DESCRIPTION OF THE TASK:
Only one stretch of the data should be retyped: the lines from the line containing "Canon 137 Genuine" through the line containing "students gathered in the writing center". Keep pictures out of it.
*** Opening of EXCERPTED DATA ***
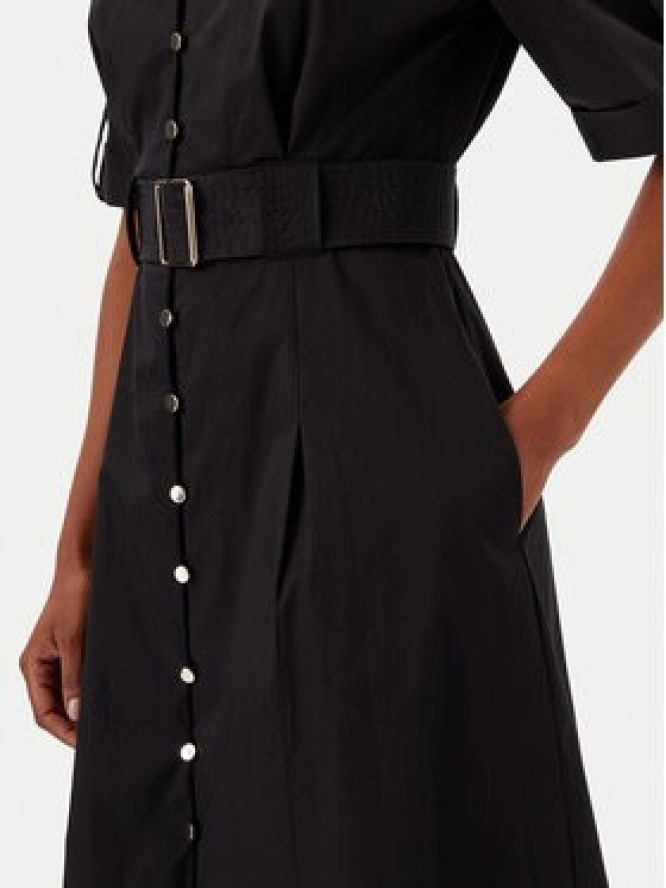 Fracomina Sukienka koszulowa FR25SD3006W52001 Czarny Regular Fit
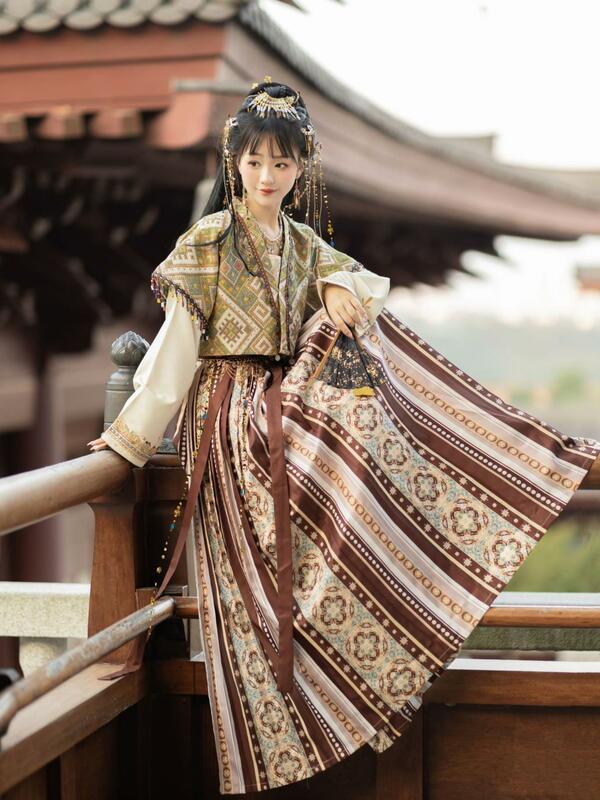 New Chinese Style Traditional Dress Hanfu Girl Ming Dynasty Ancient Chinese Traditional Flower Hanfu Folk  Dance Dress Set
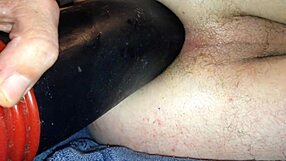 beer bottle dildo stretches tight asshole for wild anal toy fuck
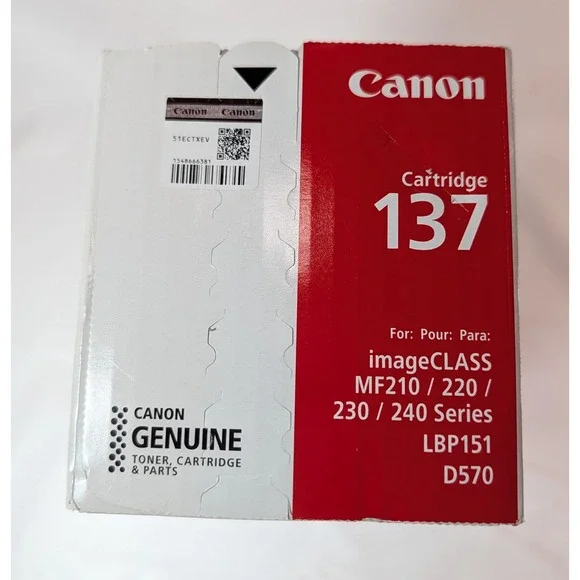Canon 137 Genuine Toner Cartridge Black 9435B001 imageCLASS MF210 MF230 LBP151
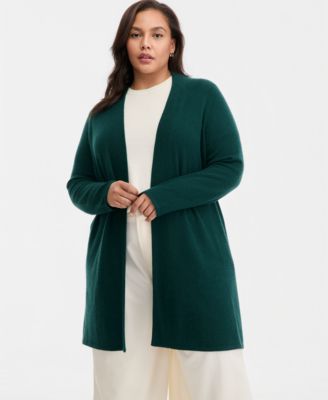Plus Size 100% Cashmere Open Cardigan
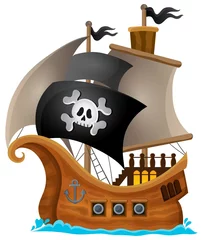 Photo sur Plexiglas Pour enfants Image de sujet de bateau pirate 1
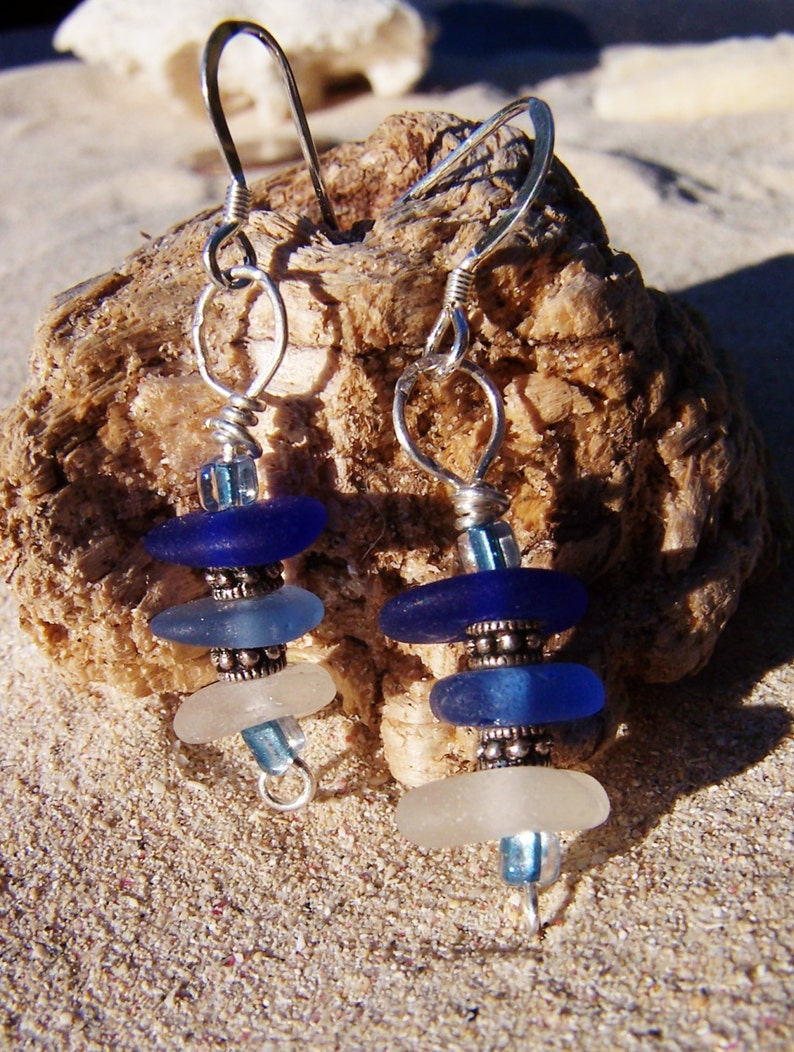 Sea Glass Earrings Frosty White and Blue Stacked Glass with Heishi Bead Spacers and Sterling French Ear Wires EM 14 image 2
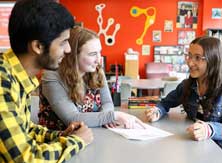 students gathered in the writing center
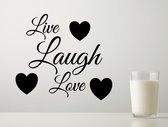 Stickerheld - Muursticker "Live Laugh Love" Quote - Woonkamer - Decoratie - Engelse Teksten - Mat Zwart - 27.5x30.8cm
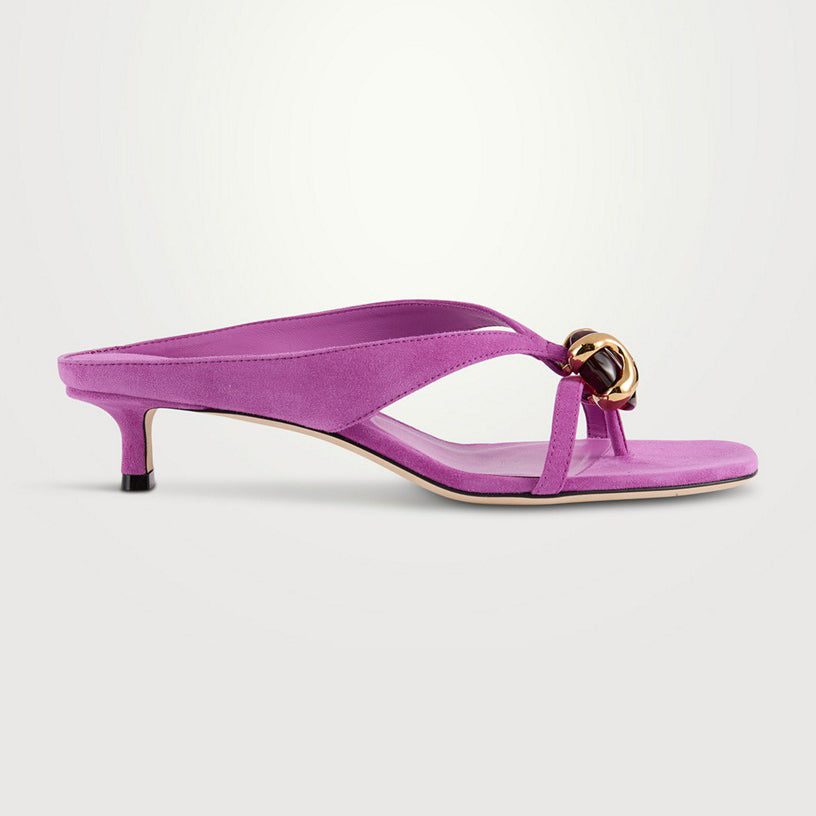 Ladies' Suede Gem-Embellished Kitten Heel Thong Mules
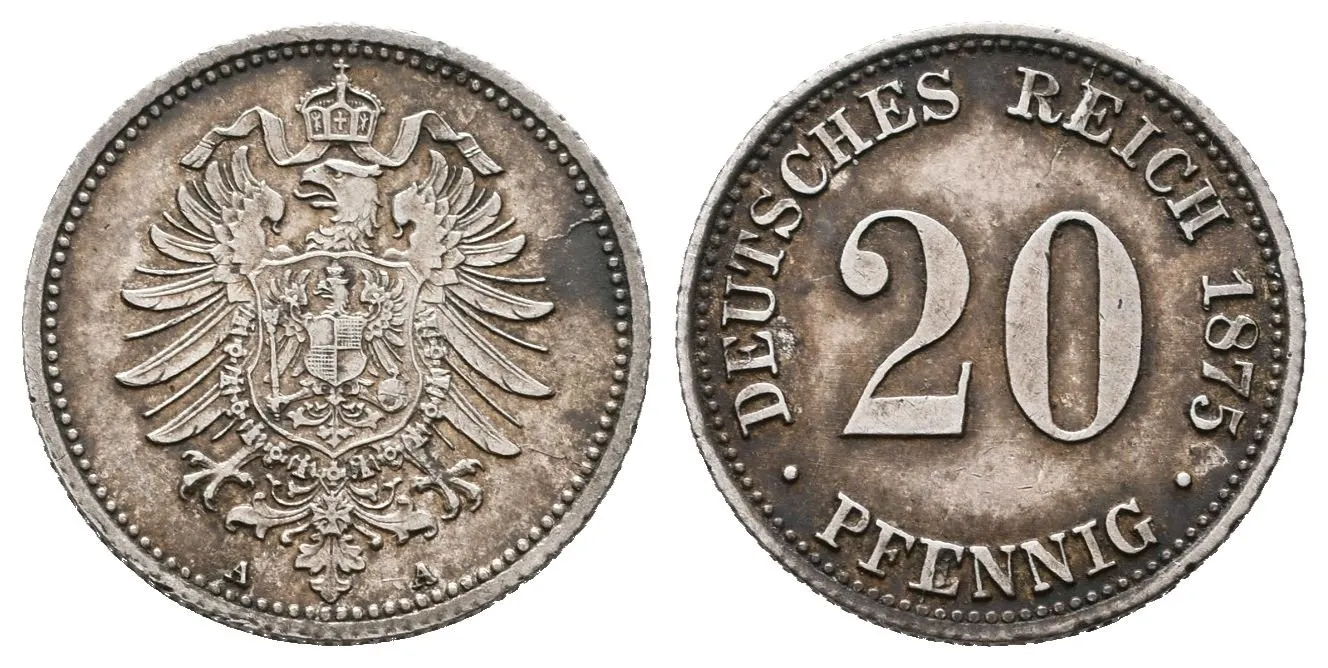 20 Pfennig 1875 A, luxusní zachovalost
*** Close of EXCERPTED DATA ***
RESPONSE AREA:
Canon 137 Genuine Toner Cartridge Black 9435B001 imageCLASS MF210 MF230 LBP151
Plus Size 100% Cashmere Open Cardigan
 Photo sur Plexiglas Pour enfants Image de sujet de bateau pirate 1
 Sea Glass Earrings Frosty White and Blue Stacked Glass with Heishi Bead Spacers and Sterling French Ear Wires EM 14 image 2
 students gathered in the writing center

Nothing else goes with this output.